Traumatic events can include natural disasters (devastation from hurricanes, earthquakes, etc.), violent attacks (terrorism, school shootings, etc.) or abuse (childhood sexual abuse, physical abuse, etc.). What causes trauma in one person or child may not traumatize another; so it’s important to remember that there’s no easy way to define what sorts of events are traumatic.
What do trauma responses look like?
Trauma responses vary widely. The underlying concept with trauma, however, is that the brain feels so overwhelmed by the event that it can’t rely on common means of coping. A child might feel unable to cope with an event, or may begin to cope in negative ways. This is known as maladaptive coping.
Kids who experience trauma regularly or who have a preexisting mental health condition are especially at risk for being affected by trauma. They may also show more severe trauma responses.
What are the signs of trauma principals may see? The NIMH says that kids younger than 5 often regress in response to trauma. They might become more clingy or wet themselves. Older children, ages 6 through 11, often withdraw or become quiet after experiencing trauma. They can also have trouble with impulse control, which may lead to outbursts, fights, or an inability to concentrate.
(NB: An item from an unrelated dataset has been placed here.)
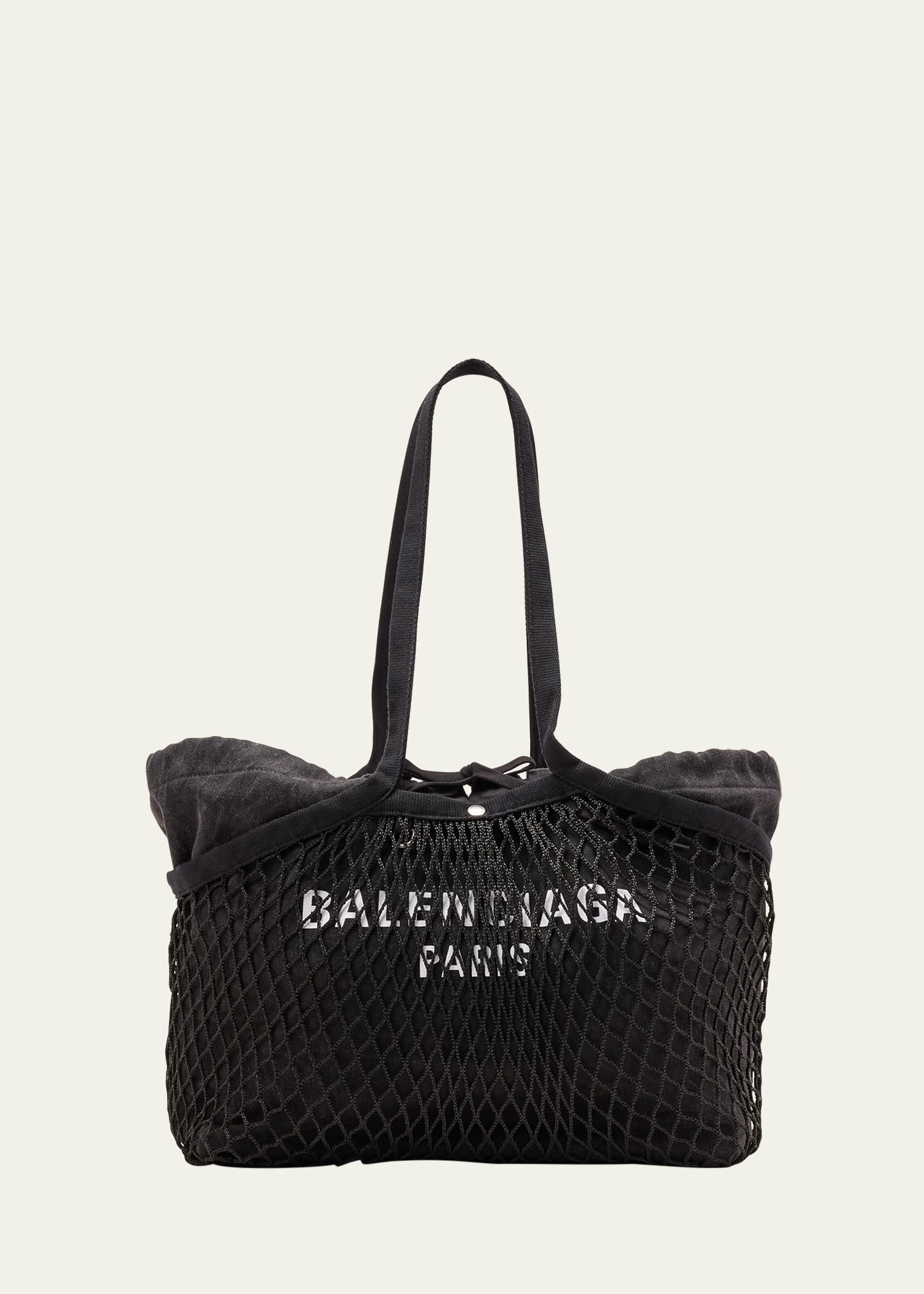 24/7 Medium Washed Canvas and Fishnet Tote Bag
Teens often become isolated, act out, or begin abusing substances.
What does trauma have to do with mental health?
Just as physical trauma can impact a person’s body and leave scars that last for years, psychological trauma does the same, although there is no physical marker. Childhood trauma—especially repeated exposure over time—is associated with an increased risk for mental illness (as a child and as an adult). Physical ailments may include obesity.
Kids who experience post-traumatic stress disorder (PTSD) may be misdiagnosed with other mental health conditions, including attention deficit/hyperactivity disorder (ADHD). Although the symptoms are similar, treatments for these conditions are different. It’s important that adults in the child’s life, including school officials, advocate for the right diagnosis.
Trauma makes it harder for kids to learn.
Experiencing trauma has a direct effect on a student’s ability to learn. Kids who have experienced trauma might have flashbacks or have trouble concentrating, which can prevent them from focusing on lessons. Trauma may also negatively impact a student’s ability to learn.
Trauma can affect teachers, too.
Many great teachers can become emotionally invested in their students. Sadly, that can sometimes expose teachers to trauma as well. Hearing about a student’s traumatic experience or helping them navigate a frightening event can leave teachers with vicarious, or secondary, trauma.
“It seems like teachers have in some ways become case workers. They get to know about their students’ lives and the needs of their families, and with that can come secondary trauma,” LeAnn Keck, a manager at Trauma Smart, told Edutopia.
Signs of vicarious trauma include thinking about the student or situation often, feeling hopeless, or withdrawing. Talk with teachers and staff about self-care and their own emotional needs when they work with students experiencing trauma.
What can principals do?
Like most mental health conditions, trauma thrives in darkness. Open conversations may increase access to treatment and improve outcomes for students who are suffering from trauma.
The first step is understanding how common trauma is and that it can be present in any student. The next is creating a school environment that encourages open conversations and has policies that are sensitive to trauma-exposed kids. If you hope to foster a more trauma-informed school, consider taking the Trauma Responsive Schools Implementation Assessment. This assessment is free and can help you identify strong and weak points in your school when it comes to addressing trauma.
Knowing about the effects of trauma and their impact on learning will make a huge difference for the students in your care.